This section describes performance improvements from MLPerf Training v2.1 to MLPerf Training v3.0.
The following figure shows the performance gains that customers can expect if they upgrade to the latest generation of Dell servers. It shows the performance improvement factor using a PowerEdge XE9680 server with the previous generation PowerEdge XE8545 server as a baseline across different benchmarks. Note that the PowerEdge XE9680 server has eight NVIDIA H100 SXM GPUs; the previous generation PowerEdge XE8545 server has four NVIDIA A100 SXM GPUs.
The most improvement at 846 percent was observed with the SSD benchmark, followed by the BERT benchmark at 611 percent. Other benchmarks yielded a greater than 230 percent improvement. These results are significant. The two-times improvement in time to train means more time for other workloads in the data center, yielding faster time to value for the business. With this acceleration, customers can expect faster prototyping, model training, and expediting their MLOps pipeline.
The following figure compares PowerEdge R750xa and R760xa servers with four NVIDIA H100 PCIe GPUs. The down arrows indicate an improvement in system performance.
The figure shows the performance of PowerEdge R750xa and R760xa servers with the same accelerator: the NVIDIA H100 GPU. The Y axis shows that the convergence time is lower. The most improvement in performance was from ResNet (13.1 percent), followed by the RNN-T (13.06 percent) and MaskRCNN (12.5 percent) benchmark and others.
These results also demonstrate the effectiveness of PCIe Gen 5 and TDP for multi-GPU training workloads. The TDP for GPUs is 310 W for PowerEdge R750xa servers and 350 W for PowerEdge R760xa servers.

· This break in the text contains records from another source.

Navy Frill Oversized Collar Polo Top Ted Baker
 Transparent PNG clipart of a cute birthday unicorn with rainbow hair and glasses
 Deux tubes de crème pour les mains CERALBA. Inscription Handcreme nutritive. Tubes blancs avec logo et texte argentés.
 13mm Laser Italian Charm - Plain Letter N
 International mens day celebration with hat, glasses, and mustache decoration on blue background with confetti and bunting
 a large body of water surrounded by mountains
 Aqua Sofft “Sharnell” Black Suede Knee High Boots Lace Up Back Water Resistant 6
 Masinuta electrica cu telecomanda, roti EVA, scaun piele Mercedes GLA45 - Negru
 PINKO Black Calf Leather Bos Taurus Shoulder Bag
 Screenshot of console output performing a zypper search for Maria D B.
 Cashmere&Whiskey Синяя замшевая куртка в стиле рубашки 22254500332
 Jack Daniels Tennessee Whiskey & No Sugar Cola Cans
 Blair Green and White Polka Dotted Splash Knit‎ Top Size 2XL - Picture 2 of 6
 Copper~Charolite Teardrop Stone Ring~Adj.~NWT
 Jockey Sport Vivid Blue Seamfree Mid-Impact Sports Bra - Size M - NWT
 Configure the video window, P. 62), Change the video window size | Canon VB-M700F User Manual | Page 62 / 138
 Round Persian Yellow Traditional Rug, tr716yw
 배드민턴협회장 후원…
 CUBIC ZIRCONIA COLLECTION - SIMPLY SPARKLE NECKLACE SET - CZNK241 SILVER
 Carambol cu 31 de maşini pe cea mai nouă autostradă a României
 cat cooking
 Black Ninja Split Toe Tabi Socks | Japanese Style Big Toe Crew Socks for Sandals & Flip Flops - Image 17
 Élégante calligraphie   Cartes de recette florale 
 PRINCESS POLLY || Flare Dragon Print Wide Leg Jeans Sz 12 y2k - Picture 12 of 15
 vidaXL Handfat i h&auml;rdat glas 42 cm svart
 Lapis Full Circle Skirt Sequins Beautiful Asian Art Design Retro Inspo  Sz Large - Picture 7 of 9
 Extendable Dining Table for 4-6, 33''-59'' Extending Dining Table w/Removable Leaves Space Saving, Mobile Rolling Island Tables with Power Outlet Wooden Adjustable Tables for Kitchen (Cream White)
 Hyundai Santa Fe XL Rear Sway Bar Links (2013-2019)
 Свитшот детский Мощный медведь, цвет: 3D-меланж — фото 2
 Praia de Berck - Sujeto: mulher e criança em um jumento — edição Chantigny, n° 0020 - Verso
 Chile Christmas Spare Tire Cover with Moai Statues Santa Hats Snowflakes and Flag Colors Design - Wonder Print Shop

The following figure compares a PowerEdge R750xa server with four NVIDIA A100 GPUs and a PowerEdge R760xa server with four NVIDIA H100 GPUs. The results show significant improvements. The highest improvements are seen with SSD (64.56 percent), ResNet (53.17 percent), followed by U-NET3D (50.17 percent) and other benchmarks. The down arrows indicate performance improvement with the new generation servers.
Upgrading to the newer generation server and GPUs allows customers to see extended performance growth with their workloads as indicated by these results.
The following figure shows that using a PowerEdge XE8640 server with four NVIDIA H100 GPUs and a PowerEdge XE9680 server with eight NVIDIA A100 GPUs renders almost similar performance across different benchmarks. These results demonstrate that it is more effective to use four NVIDIA H100 GPUs over eight NVIDIA A100 GPUs for compute density and power: NVIDIA H100 GPUs can deliver faster time to value.
The following figure shows the improvement that the NVIDIA H100 GPU offers compared to the NVIDIA A100 GPU using the latest PowerEdge XE9680 server. These results show a significant improvement. The highest improvement was seen with BERT (65.6 percent), followed by SSD (53.1 percent) and ResNet (50.2 percent), and other benchmarks. It is evident that the NVIDIA H100 GPU offers superior performance in all the workload types, and it is an excellent choice for accelerating training workloads. The down arrows represent improved performance.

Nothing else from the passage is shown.